**Task objective:** Reproduce the whole of the records exactly, and make sure no picture is carried into the result.

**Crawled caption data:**
++++++++++
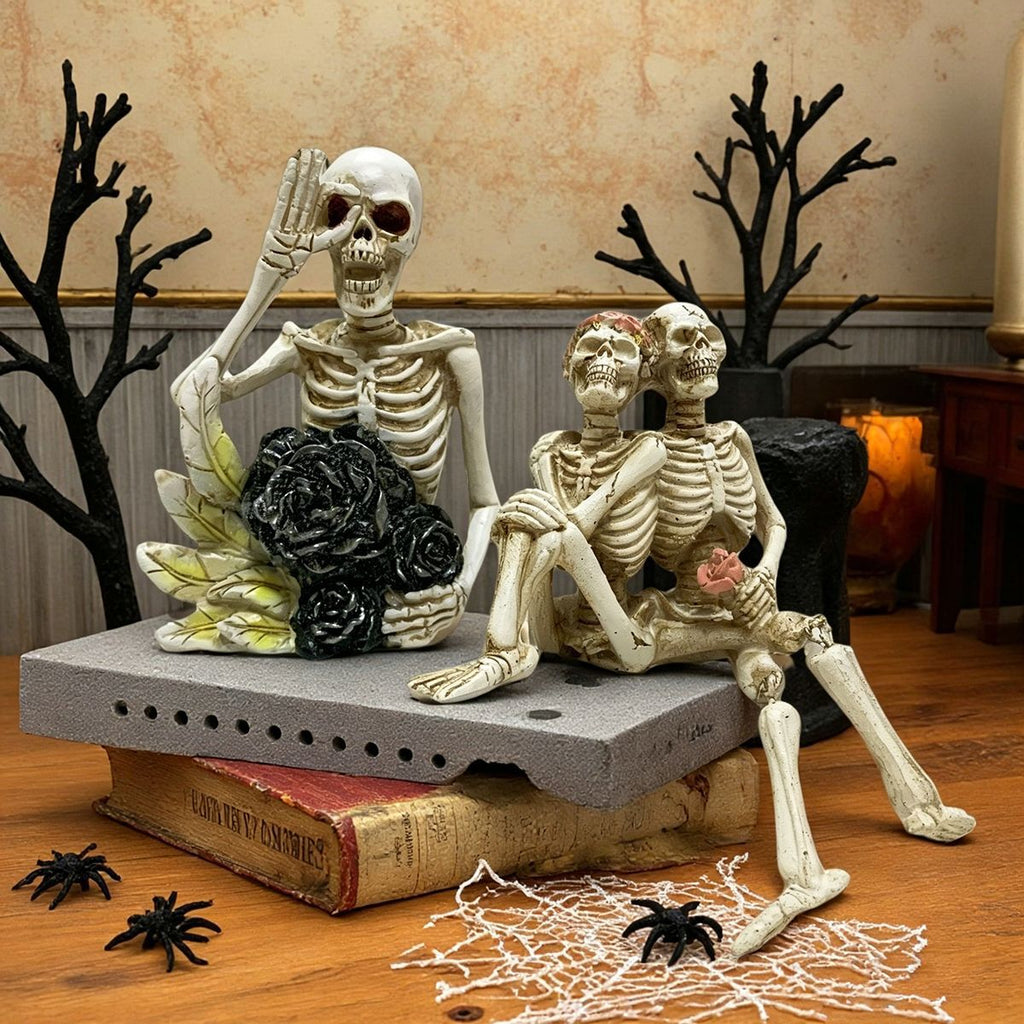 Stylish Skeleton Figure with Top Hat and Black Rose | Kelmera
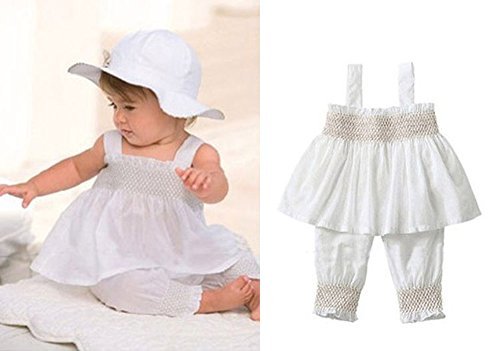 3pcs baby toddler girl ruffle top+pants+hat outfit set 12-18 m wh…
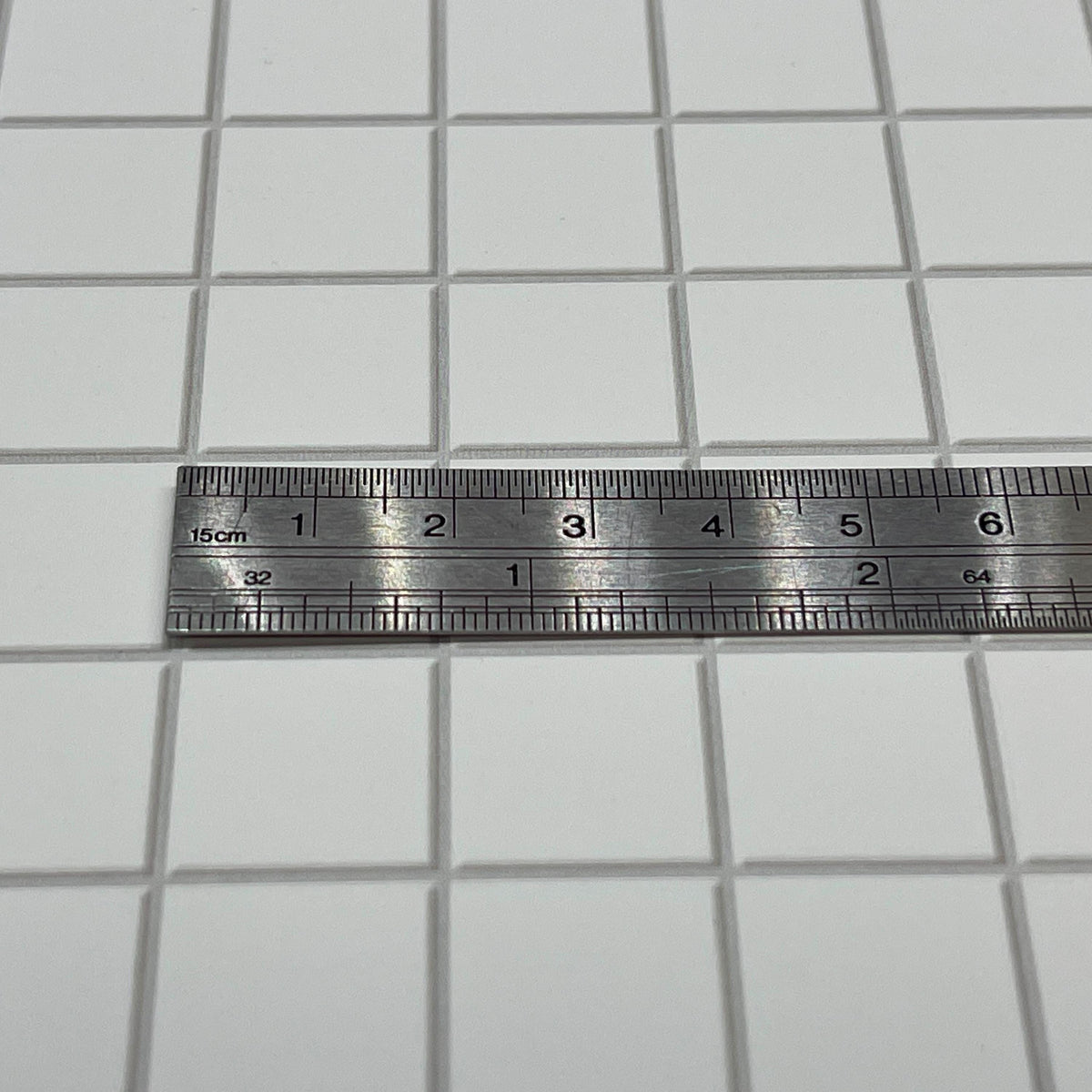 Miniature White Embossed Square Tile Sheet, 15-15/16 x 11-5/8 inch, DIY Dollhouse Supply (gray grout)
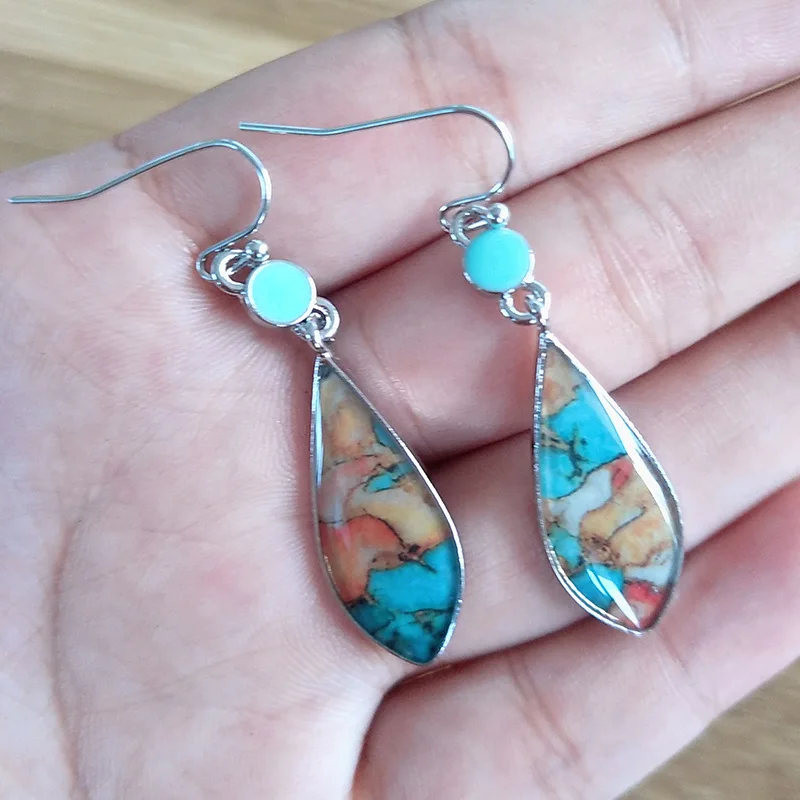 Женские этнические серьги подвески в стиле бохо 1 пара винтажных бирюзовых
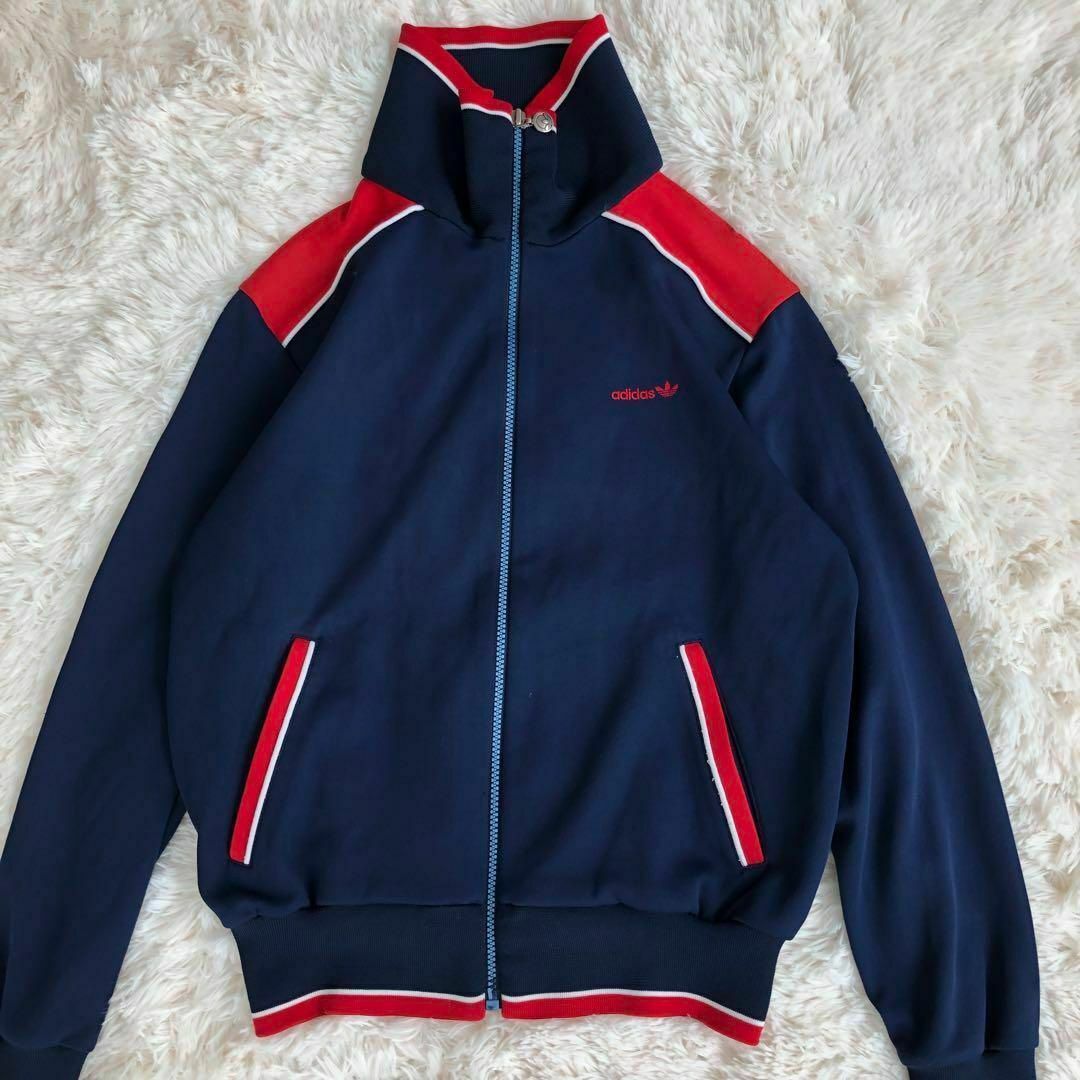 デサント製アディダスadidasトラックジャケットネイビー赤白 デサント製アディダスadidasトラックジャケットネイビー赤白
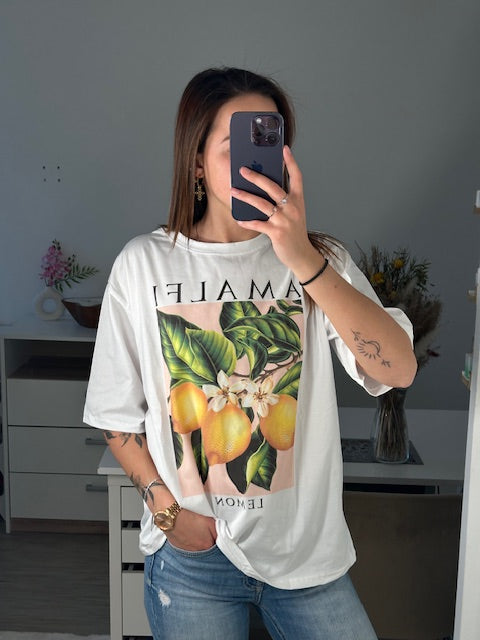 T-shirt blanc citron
++++++++++
**Result for this exercise:**
 Stylish Skeleton Figure with Top Hat and Black Rose | Kelmera
 3pcs baby toddler girl ruffle top+pants+hat outfit set 12-18 m wh…
 Miniature White Embossed Square Tile Sheet, 15-15/16 x 11-5/8 inch, DIY Dollhouse Supply (gray grout)
 Женские этнические серьги подвески в стиле бохо 1 пара винтажных бирюзовых
 デサント製アディダスadidasトラックジャケットネイビー赤白 デサント製アディダスadidasトラックジャケットネイビー赤白
 T-shirt blanc citron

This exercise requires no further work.